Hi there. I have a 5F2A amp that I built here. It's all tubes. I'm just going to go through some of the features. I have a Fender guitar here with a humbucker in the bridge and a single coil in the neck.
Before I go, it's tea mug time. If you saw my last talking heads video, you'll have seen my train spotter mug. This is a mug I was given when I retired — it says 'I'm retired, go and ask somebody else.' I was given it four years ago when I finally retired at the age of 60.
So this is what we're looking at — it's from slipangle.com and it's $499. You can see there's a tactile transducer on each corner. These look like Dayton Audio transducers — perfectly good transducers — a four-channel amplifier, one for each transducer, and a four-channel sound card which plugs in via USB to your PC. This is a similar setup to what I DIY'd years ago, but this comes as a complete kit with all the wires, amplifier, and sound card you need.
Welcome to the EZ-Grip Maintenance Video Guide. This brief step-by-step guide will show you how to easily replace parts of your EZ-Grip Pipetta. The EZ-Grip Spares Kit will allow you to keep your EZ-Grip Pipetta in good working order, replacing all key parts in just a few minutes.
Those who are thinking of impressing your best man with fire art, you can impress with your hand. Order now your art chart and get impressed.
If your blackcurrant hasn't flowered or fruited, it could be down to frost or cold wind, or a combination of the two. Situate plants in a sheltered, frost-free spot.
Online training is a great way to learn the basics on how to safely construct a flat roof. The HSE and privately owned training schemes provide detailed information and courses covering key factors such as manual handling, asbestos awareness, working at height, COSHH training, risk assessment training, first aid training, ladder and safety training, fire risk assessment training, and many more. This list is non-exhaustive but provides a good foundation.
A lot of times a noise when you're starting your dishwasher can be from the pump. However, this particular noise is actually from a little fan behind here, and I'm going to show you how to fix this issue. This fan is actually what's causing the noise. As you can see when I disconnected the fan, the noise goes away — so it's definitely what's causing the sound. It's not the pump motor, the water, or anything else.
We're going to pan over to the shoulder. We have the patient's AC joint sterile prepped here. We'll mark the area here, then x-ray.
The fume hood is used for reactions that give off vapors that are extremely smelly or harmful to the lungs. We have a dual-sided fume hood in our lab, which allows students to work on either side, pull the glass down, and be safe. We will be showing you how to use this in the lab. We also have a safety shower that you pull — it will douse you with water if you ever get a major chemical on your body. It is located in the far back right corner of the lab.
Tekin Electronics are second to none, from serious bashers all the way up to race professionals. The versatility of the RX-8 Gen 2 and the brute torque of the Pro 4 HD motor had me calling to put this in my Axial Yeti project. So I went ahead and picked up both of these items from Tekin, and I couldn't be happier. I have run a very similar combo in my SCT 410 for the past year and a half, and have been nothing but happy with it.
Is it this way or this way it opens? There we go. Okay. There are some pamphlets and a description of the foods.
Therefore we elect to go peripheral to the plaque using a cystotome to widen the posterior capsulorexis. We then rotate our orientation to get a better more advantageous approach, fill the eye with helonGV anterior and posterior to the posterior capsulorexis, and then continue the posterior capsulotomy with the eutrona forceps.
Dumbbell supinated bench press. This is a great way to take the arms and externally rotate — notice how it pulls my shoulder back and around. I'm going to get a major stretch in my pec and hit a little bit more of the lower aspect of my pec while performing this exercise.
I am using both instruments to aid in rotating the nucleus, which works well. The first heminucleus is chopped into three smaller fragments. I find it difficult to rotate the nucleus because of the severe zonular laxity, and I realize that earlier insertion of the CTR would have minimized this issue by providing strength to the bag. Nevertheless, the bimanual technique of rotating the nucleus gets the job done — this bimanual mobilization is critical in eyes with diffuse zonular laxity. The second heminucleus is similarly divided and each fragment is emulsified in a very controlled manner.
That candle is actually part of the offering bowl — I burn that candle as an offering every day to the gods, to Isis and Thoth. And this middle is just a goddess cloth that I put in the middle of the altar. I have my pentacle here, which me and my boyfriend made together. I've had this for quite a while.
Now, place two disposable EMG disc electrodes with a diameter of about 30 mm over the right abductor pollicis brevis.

◆ EXERCISE DETAILS: The answer must be the same records, repeated exactly and in full.

◆ ANSWER FOR THE TASK:
Hi there. I have a 5F2A amp that I built here. It's all tubes. I'm just going to go through some of the features. I have a Fender guitar here with a humbucker in the bridge and a single coil in the neck.
Before I go, it's tea mug time. If you saw my last talking heads video, you'll have seen my train spotter mug. This is a mug I was given when I retired — it says 'I'm retired, go and ask somebody else.' I was given it four years ago when I finally retired at the age of 60.
So this is what we're looking at — it's from slipangle.com and it's $499. You can see there's a tactile transducer on each corner. These look like Dayton Audio transducers — perfectly good transducers — a four-channel amplifier, one for each transducer, and a four-channel sound card which plugs in via USB to your PC. This is a similar setup to what I DIY'd years ago, but this comes as a complete kit with all the wires, amplifier, and sound card you need.
Welcome to the EZ-Grip Maintenance Video Guide. This brief step-by-step guide will show you how to easily replace parts of your EZ-Grip Pipetta. The EZ-Grip Spares Kit will allow you to keep your EZ-Grip Pipetta in good working order, replacing all key parts in just a few minutes.
Those who are thinking of impressing your best man with fire art, you can impress with your hand. Order now your art chart and get impressed.
If your blackcurrant hasn't flowered or fruited, it could be down to frost or cold wind, or a combination of the two. Situate plants in a sheltered, frost-free spot.
Online training is a great way to learn the basics on how to safely construct a flat roof. The HSE and privately owned training schemes provide detailed information and courses covering key factors such as manual handling, asbestos awareness, working at height, COSHH training, risk assessment training, first aid training, ladder and safety training, fire risk assessment training, and many more. This list is non-exhaustive but provides a good foundation.
A lot of times a noise when you're starting your dishwasher can be from the pump. However, this particular noise is actually from a little fan behind here, and I'm going to show you how to fix this issue. This fan is actually what's causing the noise. As you can see when I disconnected the fan, the noise goes away — so it's definitely what's causing the sound. It's not the pump motor, the water, or anything else.
We're going to pan over to the shoulder. We have the patient's AC joint sterile prepped here. We'll mark the area here, then x-ray.
The fume hood is used for reactions that give off vapors that are extremely smelly or harmful to the lungs. We have a dual-sided fume hood in our lab, which allows students to work on either side, pull the glass down, and be safe. We will be showing you how to use this in the lab. We also have a safety shower that you pull — it will douse you with water if you ever get a major chemical on your body. It is located in the far back right corner of the lab.
Tekin Electronics are second to none, from serious bashers all the way up to race professionals. The versatility of the RX-8 Gen 2 and the brute torque of the Pro 4 HD motor had me calling to put this in my Axial Yeti project. So I went ahead and picked up both of these items from Tekin, and I couldn't be happier. I have run a very similar combo in my SCT 410 for the past year and a half, and have been nothing but happy with it.
Is it this way or this way it opens? There we go. Okay. There are some pamphlets and a description of the foods.
Therefore we elect to go peripheral to the plaque using a cystotome to widen the posterior capsulorexis. We then rotate our orientation to get a better more advantageous approach, fill the eye with helonGV anterior and posterior to the posterior capsulorexis, and then continue the posterior capsulotomy with the eutrona forceps.
Dumbbell supinated bench press. This is a great way to take the arms and externally rotate — notice how it pulls my shoulder back and around. I'm going to get a major stretch in my pec and hit a little bit more of the lower aspect of my pec while performing this exercise.
I am using both instruments to aid in rotating the nucleus, which works well. The first heminucleus is chopped into three smaller fragments. I find it difficult to rotate the nucleus because of the severe zonular laxity, and I realize that earlier insertion of the CTR would have minimized this issue by providing strength to the bag. Nevertheless, the bimanual technique of rotating the nucleus gets the job done — this bimanual mobilization is critical in eyes with diffuse zonular laxity. The second heminucleus is similarly divided and each fragment is emulsified in a very controlled manner.
That candle is actually part of the offering bowl — I burn that candle as an offering every day to the gods, to Isis and Thoth. And this middle is just a goddess cloth that I put in the middle of the altar. I have my pentacle here, which me and my boyfriend made together. I've had this for quite a while.
Now, place two disposable EMG disc electrodes with a diameter of about 30 mm over the right abductor pollicis brevis.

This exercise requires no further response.